14th Sunday 2021
Ezekiel 2:2-5; 2Cor 12:7-10; Mark 6:1-6
Many many moons ago, from the beginning of Advent 1982, until Holy Week 1983, I had a brief and inglorious career with the Catholic Missionary Society, conducting parish missions in various parts of England. A mission included eight hours a day of door knocking, ringing the doorbells of people whose addresses appeared on the parish census lists. It never took long in any parish to realise that these lists were hopelessly out of date, many people having moved or died, whilst many of those who were found were at best indifferent, at worst hostile.
Some priests revelled in the work. One of our number, a cheerful Irishman, on approaching a block of flats, would press all the buttons at once to see who might be unearthed. I, on the other hand, tended to press the bell very gently, count ten, and then high tail it away as fast as my legs would carry me.
To me, knocking on the doors of fifty total strangers a day was the nearest thing to hell that I could imagine. Indeed, one night, dreaming that I was to spend eternity doing parish missions, I woke myself up with a cry of dismay.
I mention this because, in the course of one mission, one of my colleagues found himself pondering Our Lord’s words from today’s Gospel: “He was amazed at their lack of faith”. I, meanwhile, had that question of Jesus’ constantly running through my head: “When the Son of Man comes, will He find any faith on earth?”
If that was the situation almost forty years ago, how much more difficult must it be today? Is Jesus still amazed at people’s lack of faith, and what can be done about it?

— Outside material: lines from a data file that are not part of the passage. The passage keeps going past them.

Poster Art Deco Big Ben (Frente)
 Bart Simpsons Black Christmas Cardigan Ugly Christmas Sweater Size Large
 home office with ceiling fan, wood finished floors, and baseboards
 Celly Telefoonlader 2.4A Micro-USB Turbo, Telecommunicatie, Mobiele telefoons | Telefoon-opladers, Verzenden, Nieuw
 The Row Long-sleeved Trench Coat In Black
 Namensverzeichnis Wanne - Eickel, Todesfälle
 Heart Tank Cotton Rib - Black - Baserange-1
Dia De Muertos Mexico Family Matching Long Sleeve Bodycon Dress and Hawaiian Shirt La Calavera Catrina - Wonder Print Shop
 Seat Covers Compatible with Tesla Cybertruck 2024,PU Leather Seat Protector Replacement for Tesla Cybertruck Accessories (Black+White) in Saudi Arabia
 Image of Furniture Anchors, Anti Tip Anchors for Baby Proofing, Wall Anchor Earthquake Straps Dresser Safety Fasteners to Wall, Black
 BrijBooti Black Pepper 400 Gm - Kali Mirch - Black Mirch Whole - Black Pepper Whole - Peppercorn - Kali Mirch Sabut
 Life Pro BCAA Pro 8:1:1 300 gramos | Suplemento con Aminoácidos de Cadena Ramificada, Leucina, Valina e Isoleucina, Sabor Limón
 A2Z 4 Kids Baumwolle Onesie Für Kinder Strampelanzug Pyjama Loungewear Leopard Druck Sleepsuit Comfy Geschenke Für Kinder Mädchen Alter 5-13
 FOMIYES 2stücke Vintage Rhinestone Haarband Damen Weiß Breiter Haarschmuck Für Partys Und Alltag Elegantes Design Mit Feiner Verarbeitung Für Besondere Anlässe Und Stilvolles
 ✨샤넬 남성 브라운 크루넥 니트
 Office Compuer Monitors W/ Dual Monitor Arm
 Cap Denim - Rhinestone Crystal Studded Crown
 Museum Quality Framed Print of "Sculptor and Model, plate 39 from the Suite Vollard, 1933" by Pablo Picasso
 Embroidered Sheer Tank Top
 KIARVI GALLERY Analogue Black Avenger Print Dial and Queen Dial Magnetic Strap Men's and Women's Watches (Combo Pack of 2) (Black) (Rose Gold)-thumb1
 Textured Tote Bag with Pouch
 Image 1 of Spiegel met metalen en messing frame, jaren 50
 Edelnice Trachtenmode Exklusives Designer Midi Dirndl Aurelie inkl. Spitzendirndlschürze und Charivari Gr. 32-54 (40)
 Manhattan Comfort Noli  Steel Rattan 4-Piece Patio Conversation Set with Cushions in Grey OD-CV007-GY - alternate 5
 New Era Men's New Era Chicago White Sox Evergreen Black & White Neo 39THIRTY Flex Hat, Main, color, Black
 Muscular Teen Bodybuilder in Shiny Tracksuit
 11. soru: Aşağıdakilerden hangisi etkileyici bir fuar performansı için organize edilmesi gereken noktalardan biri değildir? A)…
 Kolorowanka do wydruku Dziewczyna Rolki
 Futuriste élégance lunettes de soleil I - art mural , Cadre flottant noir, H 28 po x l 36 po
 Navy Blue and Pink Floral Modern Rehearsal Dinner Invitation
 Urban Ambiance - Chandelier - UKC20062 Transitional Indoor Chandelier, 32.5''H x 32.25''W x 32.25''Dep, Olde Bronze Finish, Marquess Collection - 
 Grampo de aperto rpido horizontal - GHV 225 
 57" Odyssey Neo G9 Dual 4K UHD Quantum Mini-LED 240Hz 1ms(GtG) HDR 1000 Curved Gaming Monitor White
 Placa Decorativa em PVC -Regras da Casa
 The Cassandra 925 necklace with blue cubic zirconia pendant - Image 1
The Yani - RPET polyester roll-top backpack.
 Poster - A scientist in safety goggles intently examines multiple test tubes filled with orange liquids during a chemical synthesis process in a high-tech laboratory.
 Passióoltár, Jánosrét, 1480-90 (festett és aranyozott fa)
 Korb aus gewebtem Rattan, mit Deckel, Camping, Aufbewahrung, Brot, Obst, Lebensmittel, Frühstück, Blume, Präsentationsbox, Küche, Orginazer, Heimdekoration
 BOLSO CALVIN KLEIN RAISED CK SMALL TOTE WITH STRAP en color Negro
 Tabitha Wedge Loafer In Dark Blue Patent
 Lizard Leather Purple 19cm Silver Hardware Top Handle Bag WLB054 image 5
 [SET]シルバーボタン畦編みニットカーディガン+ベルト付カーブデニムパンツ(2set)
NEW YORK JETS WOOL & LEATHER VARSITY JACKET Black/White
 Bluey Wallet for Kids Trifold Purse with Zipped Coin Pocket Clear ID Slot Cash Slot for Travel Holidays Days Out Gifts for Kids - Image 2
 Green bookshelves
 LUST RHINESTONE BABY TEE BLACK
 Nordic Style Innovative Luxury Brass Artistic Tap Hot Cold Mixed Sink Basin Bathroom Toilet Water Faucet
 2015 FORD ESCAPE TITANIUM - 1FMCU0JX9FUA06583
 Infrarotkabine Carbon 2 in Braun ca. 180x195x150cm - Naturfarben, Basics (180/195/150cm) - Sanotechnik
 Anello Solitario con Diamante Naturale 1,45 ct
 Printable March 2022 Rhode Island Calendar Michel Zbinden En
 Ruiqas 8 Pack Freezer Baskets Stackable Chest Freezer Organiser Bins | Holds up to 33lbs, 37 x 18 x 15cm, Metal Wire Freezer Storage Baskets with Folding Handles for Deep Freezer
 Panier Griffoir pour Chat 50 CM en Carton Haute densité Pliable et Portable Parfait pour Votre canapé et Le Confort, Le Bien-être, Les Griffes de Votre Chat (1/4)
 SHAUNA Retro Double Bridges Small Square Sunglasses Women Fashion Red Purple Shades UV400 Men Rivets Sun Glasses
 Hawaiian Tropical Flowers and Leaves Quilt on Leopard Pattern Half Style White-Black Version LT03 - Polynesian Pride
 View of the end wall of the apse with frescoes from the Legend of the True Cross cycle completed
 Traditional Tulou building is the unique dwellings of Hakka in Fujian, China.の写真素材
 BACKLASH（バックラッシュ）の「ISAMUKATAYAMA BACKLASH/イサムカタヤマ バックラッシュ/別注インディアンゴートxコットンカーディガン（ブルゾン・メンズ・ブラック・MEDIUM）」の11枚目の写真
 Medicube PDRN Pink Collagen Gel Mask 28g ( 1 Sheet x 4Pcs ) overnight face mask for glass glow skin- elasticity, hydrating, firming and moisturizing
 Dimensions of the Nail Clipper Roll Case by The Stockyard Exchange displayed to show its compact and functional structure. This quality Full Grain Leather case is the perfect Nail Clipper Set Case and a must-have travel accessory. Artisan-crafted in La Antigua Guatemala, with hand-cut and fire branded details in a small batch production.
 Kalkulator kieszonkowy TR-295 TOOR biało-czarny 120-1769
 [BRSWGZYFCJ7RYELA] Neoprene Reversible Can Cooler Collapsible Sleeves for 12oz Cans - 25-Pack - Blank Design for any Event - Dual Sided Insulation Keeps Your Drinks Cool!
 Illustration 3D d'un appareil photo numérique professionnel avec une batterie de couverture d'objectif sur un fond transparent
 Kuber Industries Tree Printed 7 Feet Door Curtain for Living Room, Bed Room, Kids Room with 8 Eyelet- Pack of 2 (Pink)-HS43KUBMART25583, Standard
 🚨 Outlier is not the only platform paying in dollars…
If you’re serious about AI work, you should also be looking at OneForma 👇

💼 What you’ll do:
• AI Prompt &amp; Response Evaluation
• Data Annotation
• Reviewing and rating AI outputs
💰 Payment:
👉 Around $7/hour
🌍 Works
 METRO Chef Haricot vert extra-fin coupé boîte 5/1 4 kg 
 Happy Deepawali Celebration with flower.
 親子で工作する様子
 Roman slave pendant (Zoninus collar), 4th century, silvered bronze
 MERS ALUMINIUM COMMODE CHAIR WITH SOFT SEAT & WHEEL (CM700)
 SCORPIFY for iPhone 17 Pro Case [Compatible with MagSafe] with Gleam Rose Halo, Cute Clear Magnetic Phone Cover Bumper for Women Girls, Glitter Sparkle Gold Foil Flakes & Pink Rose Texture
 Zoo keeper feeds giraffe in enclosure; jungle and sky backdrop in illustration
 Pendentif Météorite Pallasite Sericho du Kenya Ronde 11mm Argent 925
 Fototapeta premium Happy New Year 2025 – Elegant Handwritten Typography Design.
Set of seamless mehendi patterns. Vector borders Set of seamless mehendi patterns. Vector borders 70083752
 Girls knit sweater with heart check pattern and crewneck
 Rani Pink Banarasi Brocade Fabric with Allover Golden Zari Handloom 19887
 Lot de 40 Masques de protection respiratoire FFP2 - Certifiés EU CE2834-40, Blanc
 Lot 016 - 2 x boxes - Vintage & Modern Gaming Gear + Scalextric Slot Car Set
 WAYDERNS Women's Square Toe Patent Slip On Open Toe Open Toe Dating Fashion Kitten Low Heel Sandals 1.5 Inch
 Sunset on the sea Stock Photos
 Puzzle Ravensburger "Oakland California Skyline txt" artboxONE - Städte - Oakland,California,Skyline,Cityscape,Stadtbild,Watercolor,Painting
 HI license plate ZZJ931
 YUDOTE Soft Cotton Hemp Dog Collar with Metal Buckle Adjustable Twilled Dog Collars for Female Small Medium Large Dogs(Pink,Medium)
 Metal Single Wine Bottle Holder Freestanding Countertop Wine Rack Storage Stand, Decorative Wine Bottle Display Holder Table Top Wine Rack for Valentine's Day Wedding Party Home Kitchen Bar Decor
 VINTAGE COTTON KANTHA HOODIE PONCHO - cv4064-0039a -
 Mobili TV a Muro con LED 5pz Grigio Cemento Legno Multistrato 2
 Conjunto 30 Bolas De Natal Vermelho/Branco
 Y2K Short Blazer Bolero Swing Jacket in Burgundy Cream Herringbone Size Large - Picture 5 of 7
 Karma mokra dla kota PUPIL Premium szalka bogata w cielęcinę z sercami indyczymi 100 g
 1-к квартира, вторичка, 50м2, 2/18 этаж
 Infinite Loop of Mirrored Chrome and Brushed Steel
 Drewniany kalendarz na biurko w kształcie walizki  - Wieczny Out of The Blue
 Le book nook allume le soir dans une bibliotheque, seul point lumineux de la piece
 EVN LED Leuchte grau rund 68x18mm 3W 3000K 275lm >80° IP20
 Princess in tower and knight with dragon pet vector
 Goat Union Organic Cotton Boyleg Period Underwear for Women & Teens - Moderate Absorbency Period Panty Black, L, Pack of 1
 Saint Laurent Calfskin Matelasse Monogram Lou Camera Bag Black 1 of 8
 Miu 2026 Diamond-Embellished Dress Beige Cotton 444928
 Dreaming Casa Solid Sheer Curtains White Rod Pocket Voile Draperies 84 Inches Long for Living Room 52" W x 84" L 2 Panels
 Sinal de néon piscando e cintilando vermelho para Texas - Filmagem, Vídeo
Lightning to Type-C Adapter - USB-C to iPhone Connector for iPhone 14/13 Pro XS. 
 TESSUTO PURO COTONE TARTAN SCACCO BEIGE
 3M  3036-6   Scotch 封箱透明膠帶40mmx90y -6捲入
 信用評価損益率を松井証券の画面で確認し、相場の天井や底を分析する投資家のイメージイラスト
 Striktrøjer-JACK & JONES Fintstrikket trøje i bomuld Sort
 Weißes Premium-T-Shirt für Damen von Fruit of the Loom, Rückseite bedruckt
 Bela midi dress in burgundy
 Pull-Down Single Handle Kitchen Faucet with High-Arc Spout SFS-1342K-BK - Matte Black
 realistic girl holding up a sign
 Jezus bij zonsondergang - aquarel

In all honesty, we need to admit that the Church hasn’t always done the cause of the Kingdom, and of Jesus, a lot of favours. The clergy sexual abuse scandal has caused, and continues to cause, an immense amount of harm. Then, in addition to these ghastly crimes which men knew that they were committing, there are the equally destructive horrors perpetrated by people who genuinely believed that they were doing God’s will, in the residential schools in Ireland and Canada and, we shall probably also learn, in the USA. Small wonder if people are saying “Well, if that’s the face of Christ, then He’s an ugly so-and-so, and I really don’t want to know Him”.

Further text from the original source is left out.